Parmi les condamnés qu'on s'apprêtait à déporter, il y en avait un surtout, M. Guinard, l'ancien colonel de l'artillerie de la garde nationale, qui inspirait un intérêt assez général; on savait qu'il avait, le 13 juin, plutôt cédé à son fanatisme républicain, qu'à des passions égoïstes ou ambitieuses.

Je fus tenté, dans une autre occasion, de rompre encore le silence, dont ma situation dans l'Assemblée me faisait une sorte de nécessité : c'était au sujet de la levée du séquestre apposé, en 1848, sur les biens de la famille d'Orléans. M. de La Rochejacquelein crut devoir faire des réserves pour l'exécution du fameux legs du duc de Bourbon en faveur de ses anciens compagnons d'armes.

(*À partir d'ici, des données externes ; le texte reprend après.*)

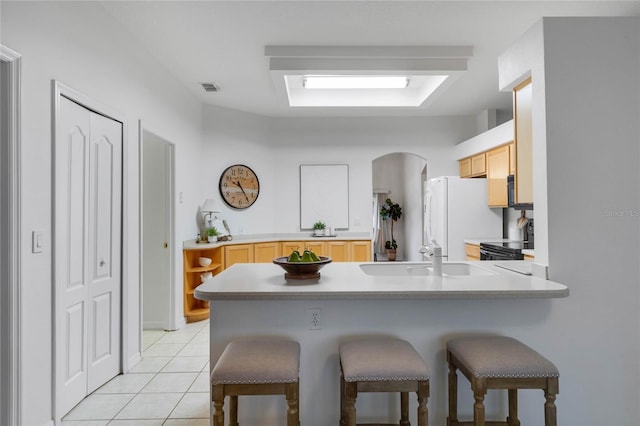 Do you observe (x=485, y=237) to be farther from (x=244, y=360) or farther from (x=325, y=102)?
(x=244, y=360)

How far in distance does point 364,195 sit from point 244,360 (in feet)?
13.5

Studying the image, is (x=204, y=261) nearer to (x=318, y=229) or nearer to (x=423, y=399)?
(x=318, y=229)

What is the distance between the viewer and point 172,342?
3.48m

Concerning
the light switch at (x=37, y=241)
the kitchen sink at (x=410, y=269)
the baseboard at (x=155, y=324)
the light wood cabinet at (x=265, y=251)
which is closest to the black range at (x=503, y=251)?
the kitchen sink at (x=410, y=269)

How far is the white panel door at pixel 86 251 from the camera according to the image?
6.93ft

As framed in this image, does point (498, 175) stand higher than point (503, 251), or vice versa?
point (498, 175)

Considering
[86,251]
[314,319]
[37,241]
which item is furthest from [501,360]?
[86,251]

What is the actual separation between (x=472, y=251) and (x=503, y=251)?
76cm

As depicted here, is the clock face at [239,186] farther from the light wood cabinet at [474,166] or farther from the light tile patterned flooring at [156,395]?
Answer: the light wood cabinet at [474,166]

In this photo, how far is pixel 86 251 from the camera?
2.37 metres

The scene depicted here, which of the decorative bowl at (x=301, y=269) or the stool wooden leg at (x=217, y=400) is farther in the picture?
the decorative bowl at (x=301, y=269)

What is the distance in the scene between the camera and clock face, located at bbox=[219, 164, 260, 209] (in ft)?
16.1

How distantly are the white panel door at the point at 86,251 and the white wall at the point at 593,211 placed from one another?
2.69 m

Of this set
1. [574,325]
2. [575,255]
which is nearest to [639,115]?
[575,255] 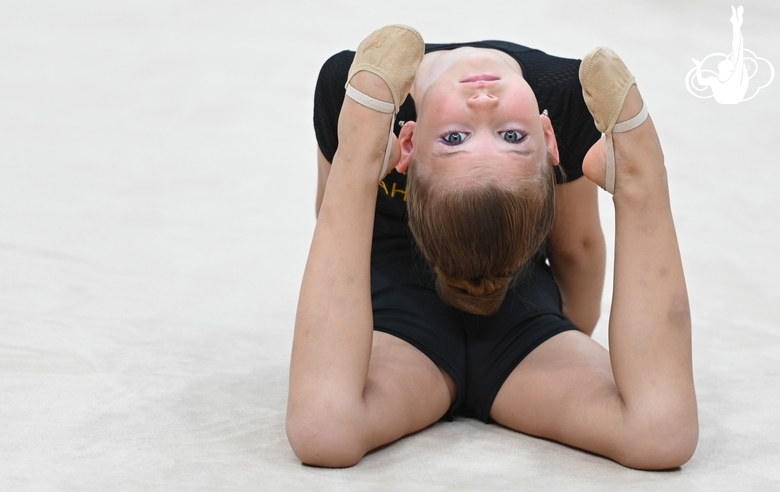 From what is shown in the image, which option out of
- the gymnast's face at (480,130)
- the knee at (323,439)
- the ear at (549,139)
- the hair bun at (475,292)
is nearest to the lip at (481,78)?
the gymnast's face at (480,130)

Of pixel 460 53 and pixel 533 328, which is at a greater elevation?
pixel 460 53

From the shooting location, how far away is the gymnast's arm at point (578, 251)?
181cm

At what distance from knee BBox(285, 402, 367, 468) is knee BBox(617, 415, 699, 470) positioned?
1.28 feet

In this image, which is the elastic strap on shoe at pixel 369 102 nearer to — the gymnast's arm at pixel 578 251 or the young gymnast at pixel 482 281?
the young gymnast at pixel 482 281

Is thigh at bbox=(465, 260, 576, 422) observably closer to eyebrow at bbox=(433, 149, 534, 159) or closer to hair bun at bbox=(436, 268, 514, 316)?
hair bun at bbox=(436, 268, 514, 316)

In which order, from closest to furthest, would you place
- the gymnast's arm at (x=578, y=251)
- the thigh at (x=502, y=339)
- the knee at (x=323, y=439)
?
the knee at (x=323, y=439) → the thigh at (x=502, y=339) → the gymnast's arm at (x=578, y=251)

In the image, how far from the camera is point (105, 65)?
3662mm

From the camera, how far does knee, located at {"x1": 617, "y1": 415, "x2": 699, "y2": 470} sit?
1344 millimetres

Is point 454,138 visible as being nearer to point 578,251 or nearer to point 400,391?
point 400,391

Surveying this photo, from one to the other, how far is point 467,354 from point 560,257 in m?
0.37

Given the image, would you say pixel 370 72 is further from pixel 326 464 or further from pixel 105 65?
pixel 105 65

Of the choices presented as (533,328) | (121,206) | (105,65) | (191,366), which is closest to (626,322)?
(533,328)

Or, c'était moi qui, dans le temps, avais poursuivi, devant toutes les juridictions, l'exécution de ce legs. Mais M. Estancelin, attaché à la maison d'Orléans, ayant déclaré que, depuis sa majorité, monseigneur le duc d'Aumale consacrait tous les ans le montant du legs à élever des enfants de soldats morts en combattant pour la France, je me trouvai désintéressé de prendre la parole comme ancien défenseur de ce testament.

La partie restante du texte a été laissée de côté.